Repeat only the lines below that run from the line with "This is commonly" to the line with "I also have", ends included; skip every picture.

**Extracted data**
Segment Open

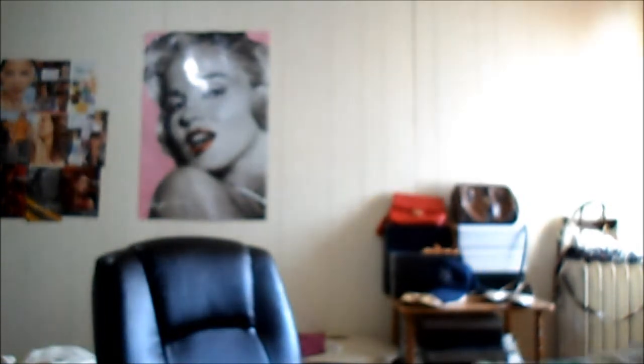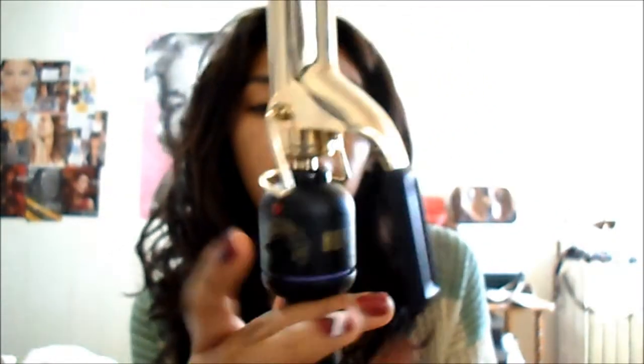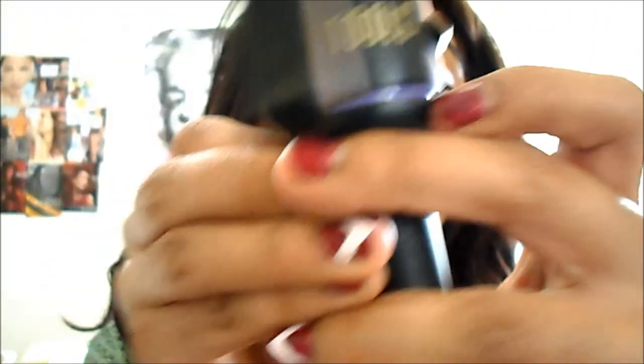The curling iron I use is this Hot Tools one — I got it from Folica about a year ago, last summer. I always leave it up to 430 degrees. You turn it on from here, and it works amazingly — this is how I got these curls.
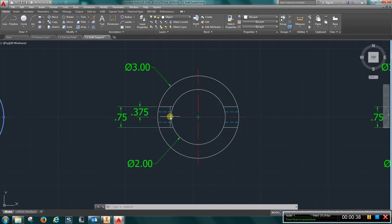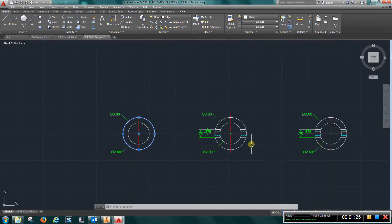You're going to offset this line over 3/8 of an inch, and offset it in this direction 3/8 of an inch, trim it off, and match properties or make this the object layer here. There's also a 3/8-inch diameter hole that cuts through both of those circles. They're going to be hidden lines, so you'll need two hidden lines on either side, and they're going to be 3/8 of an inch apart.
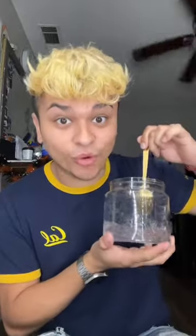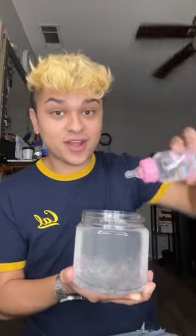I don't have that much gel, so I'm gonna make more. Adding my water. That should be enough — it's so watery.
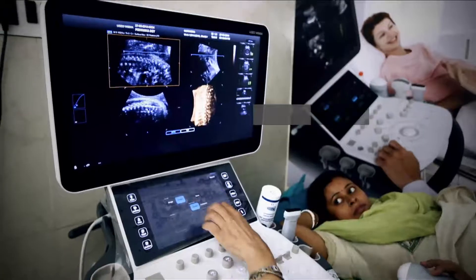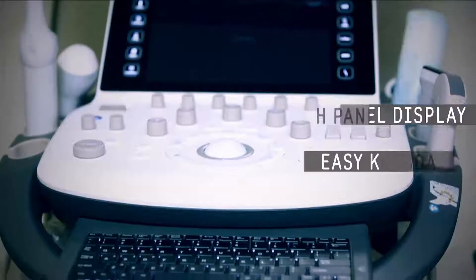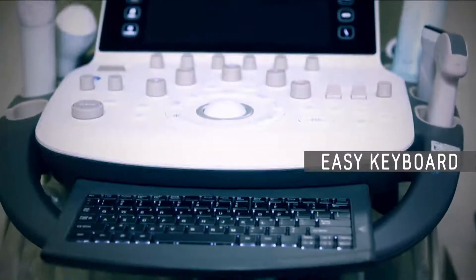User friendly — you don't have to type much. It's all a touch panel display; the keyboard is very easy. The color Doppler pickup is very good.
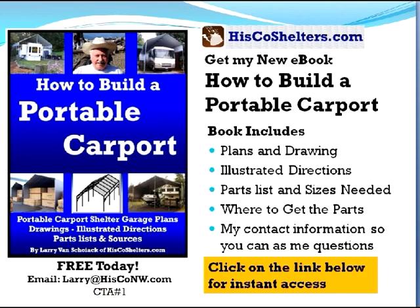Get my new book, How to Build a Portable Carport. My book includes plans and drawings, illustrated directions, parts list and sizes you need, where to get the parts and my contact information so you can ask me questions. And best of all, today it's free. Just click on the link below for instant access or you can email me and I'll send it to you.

Segment Closed
Segment Open

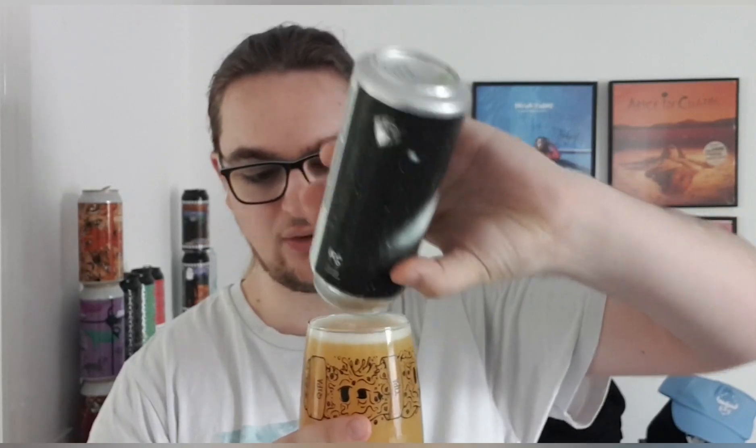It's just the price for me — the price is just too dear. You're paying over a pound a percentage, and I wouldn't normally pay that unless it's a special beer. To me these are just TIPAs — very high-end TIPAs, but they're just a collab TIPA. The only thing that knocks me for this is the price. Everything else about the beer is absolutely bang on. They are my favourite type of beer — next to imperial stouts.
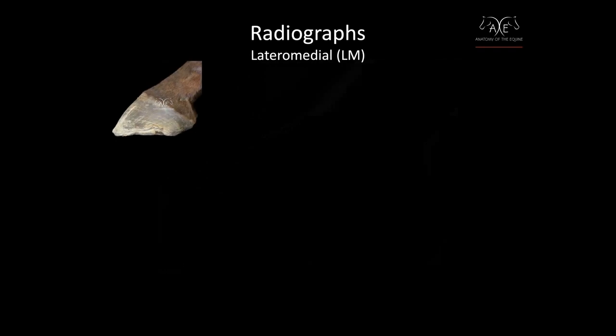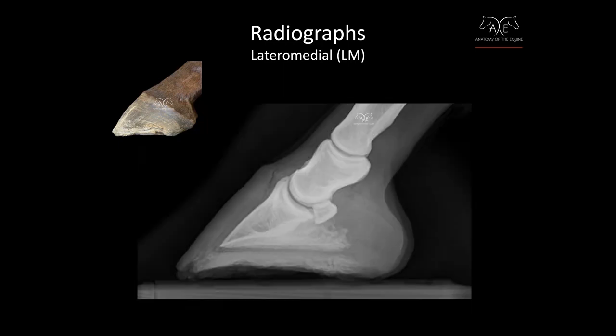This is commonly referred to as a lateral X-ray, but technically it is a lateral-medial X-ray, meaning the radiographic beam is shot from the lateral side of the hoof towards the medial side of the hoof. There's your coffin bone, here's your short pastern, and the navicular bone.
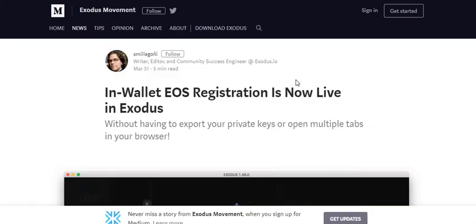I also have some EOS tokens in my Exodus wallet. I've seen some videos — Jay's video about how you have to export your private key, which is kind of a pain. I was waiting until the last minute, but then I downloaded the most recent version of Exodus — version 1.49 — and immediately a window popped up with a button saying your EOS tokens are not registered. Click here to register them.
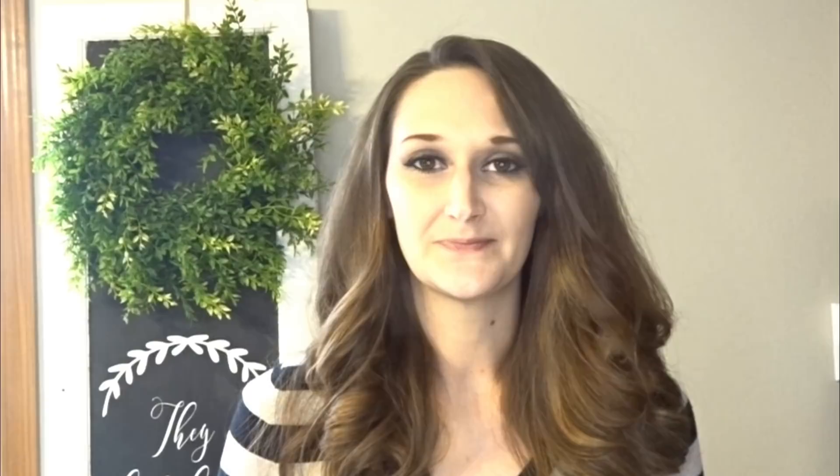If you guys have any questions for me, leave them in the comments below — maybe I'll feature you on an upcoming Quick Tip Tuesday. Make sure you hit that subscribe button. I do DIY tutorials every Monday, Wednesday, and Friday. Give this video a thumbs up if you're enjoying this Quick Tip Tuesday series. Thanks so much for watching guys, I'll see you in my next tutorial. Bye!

Segment Closed

**Answer to the problem**
This is commonly referred to as a lateral X-ray, but technically it is a lateral-medial X-ray, meaning the radiographic beam is shot from the lateral side of the hoof towards the medial side of the hoof. There's your coffin bone, here's your short pastern, and the navicular bone.
I also have some EOS tokens in my Exodus wallet. I've seen some videos — Jay's video about how you have to export your private key, which is kind of a pain. I was waiting until the last minute, but then I downloaded the most recent version of Exodus — version 1.49 — and immediately a window popped up with a button saying your EOS tokens are not registered. Click here to register them.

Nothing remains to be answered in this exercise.